- Directed by: Mike Hill
- Produced by: Whyte House Productions
- Starring: Amy Caron, Vanessa Torres, Monica Shaw, Jaime Reyes, Dave Carnie
- Cinematography: Jean-Jacques Briquet, Colleen Hughson, Lisa Whitaker
- Edited by: Adam Wright
- Music by: Kristen Missen
- Distributed by: Whyte House Productions
- Release date: 2003;
- Running time: 26 minutes
- Country: Australia
- Language: English

= AKA: Girl Skater =

AKA: Girl Skater is a 2003 documentary about four female professional skateboarders on a skateboarding tour in Australia.

The documentary follows Dave Carnie (from Big Brother Skateboard Magazine) as he leads pro skaters Amy Caron, Vanessa Torres, Monica Shaw, and Jaime Reyes on a tour of Australia, visiting a variety of skate parks and tourist attractions.

== Overview ==
The film features the skaters doing demos at local skate parks, signing autographs for local people. There are also scenes of the skaters visiting a local zoo.

One part of the film takes place at the Gallaz Skate Jam in Melbourne, Australia, where the street course is won by Amy Caron. At the time, this contest was the largest prize in women's skateboarding, with Caron winning a new car.

While the film features some skateboarding, it was viewed more as a documentary of the culture of female skateboarders, as opposed to a technical skate video.

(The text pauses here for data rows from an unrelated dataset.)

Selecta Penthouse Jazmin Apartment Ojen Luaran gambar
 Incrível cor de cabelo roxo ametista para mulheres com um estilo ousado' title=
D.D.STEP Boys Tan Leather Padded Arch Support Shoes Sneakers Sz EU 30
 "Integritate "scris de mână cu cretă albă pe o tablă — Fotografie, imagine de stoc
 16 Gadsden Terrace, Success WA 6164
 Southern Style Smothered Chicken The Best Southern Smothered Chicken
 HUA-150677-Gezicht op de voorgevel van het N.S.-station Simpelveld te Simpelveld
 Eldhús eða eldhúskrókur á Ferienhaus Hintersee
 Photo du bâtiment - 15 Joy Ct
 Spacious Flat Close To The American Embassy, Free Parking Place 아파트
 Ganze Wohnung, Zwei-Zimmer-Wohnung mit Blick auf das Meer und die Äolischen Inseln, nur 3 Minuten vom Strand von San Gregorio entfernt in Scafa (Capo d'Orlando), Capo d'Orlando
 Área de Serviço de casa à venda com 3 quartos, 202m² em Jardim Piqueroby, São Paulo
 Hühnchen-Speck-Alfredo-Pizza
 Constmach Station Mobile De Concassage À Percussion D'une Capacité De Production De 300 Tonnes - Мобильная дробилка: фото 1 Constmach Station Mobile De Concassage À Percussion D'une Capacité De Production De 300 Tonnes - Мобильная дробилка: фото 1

This is the first major skate film to focus solely on the progression and culture of women in skateboarding, by highlighting a select number of top female skaters.

Mike Hill, the director of Girl Skater once quoted that; "Given the current standard of women's skateboarding, a film that finally gives a voice to this subculture, and the phenomenal athletes that represent it, is well overdue."

== Cast ==
- Amy Caron
- Vanessa Torres
- Monica Shaw
- Jaime Reyes
- Dave Carnie

== Home media ==

The DVD features special bonus features including Gallaz Skate Jam Highlights, trick tips with Lauren Mollica, a behind the scenes feature and a bails feature.